[Source material]
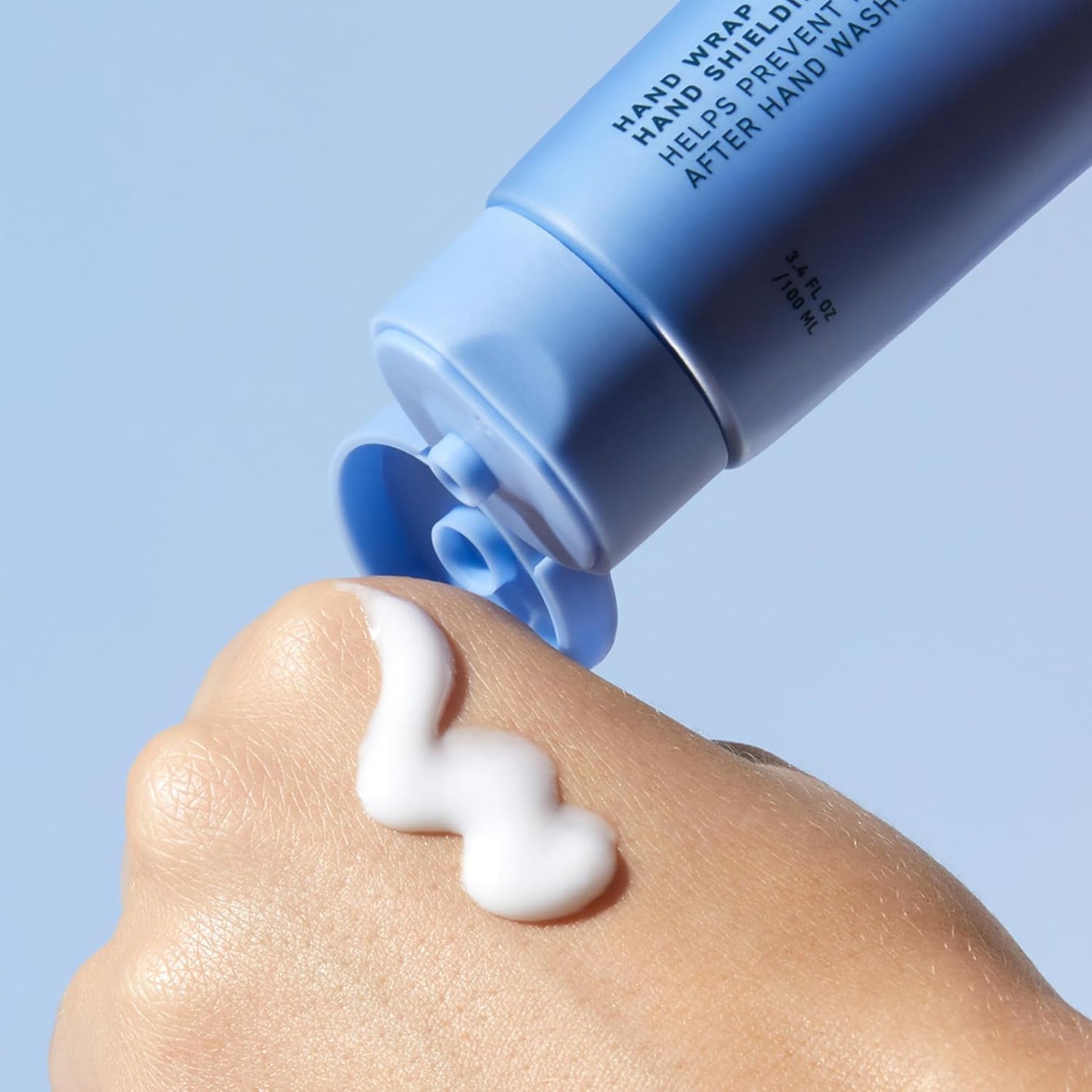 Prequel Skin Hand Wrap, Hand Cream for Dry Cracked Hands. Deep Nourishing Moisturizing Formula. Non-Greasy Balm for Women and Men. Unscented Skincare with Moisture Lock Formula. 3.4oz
[/Source material]
[Source material]
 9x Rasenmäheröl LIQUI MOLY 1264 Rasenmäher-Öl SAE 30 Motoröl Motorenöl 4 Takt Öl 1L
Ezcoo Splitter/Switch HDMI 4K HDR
[/Source material]
§ **Exercise objective**:
Among the records above, only the lines between the line holding "9x Rasenmäheröl LIQUI" and the line holding "Ezcoo Splitter/Switch HDMI 4K HDR", inclusive, are to be output, exactly as written.

§ **Solved exercise**:
 9x Rasenmäheröl LIQUI MOLY 1264 Rasenmäher-Öl SAE 30 Motoröl Motorenöl 4 Takt Öl 1L
Ezcoo Splitter/Switch HDMI 4K HDR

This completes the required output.